**TASK ITEM:** Reproduce only the lines of the material below that start at the line containing "2000 Gail Pitman" and stop at the line containing "Jiubiaz Klappbarer WC-Stützgriff". Keep both end lines.

**DATA PROVIDED:**

»»

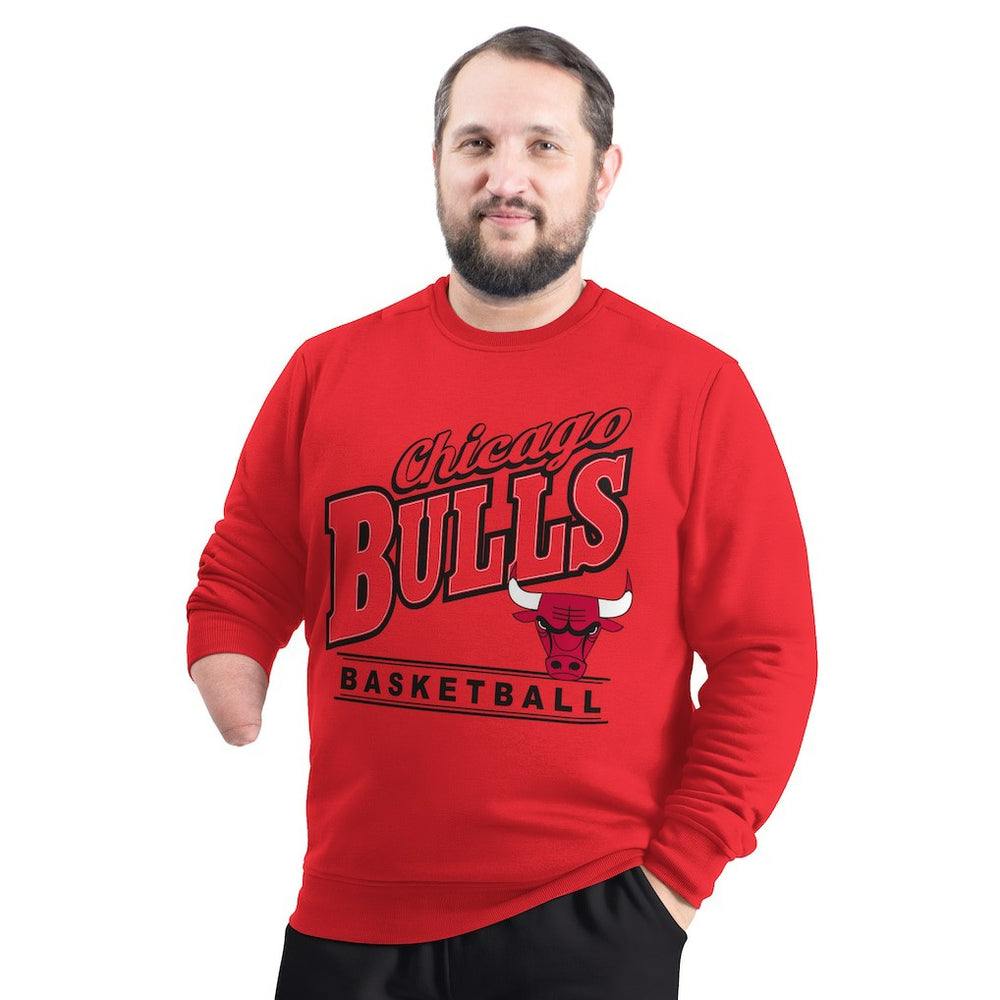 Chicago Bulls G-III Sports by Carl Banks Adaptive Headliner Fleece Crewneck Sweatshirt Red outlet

««
»»

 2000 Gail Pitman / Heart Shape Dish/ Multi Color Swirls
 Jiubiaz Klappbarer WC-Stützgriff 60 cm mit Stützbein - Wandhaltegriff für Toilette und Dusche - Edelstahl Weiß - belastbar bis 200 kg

««
»»

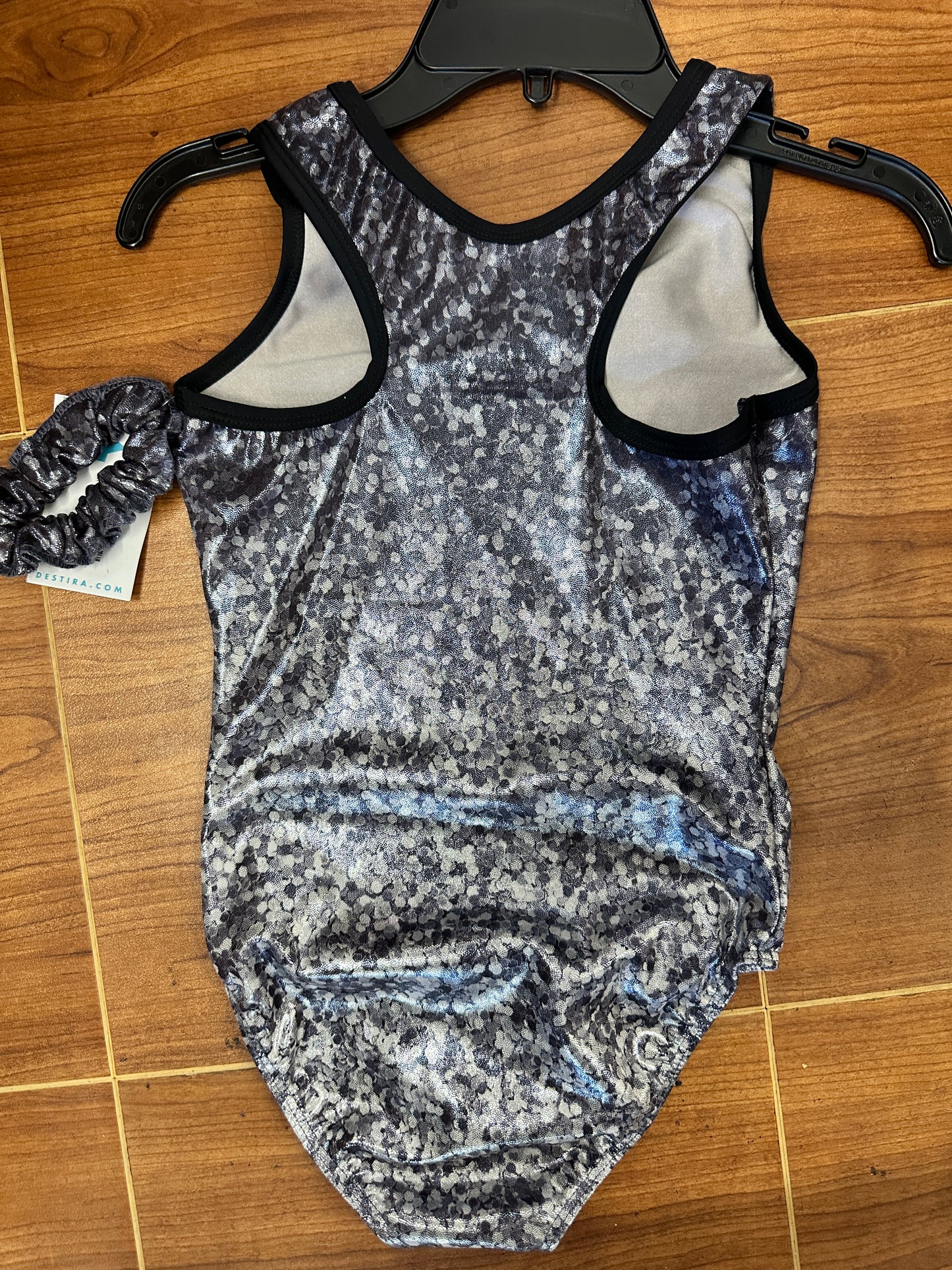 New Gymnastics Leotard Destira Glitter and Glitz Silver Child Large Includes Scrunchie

««

**SOLUTION:**
 2000 Gail Pitman / Heart Shape Dish/ Multi Color Swirls
 Jiubiaz Klappbarer WC-Stützgriff 60 cm mit Stützbein - Wandhaltegriff für Toilette und Dusche - Edelstahl Weiß - belastbar bis 200 kg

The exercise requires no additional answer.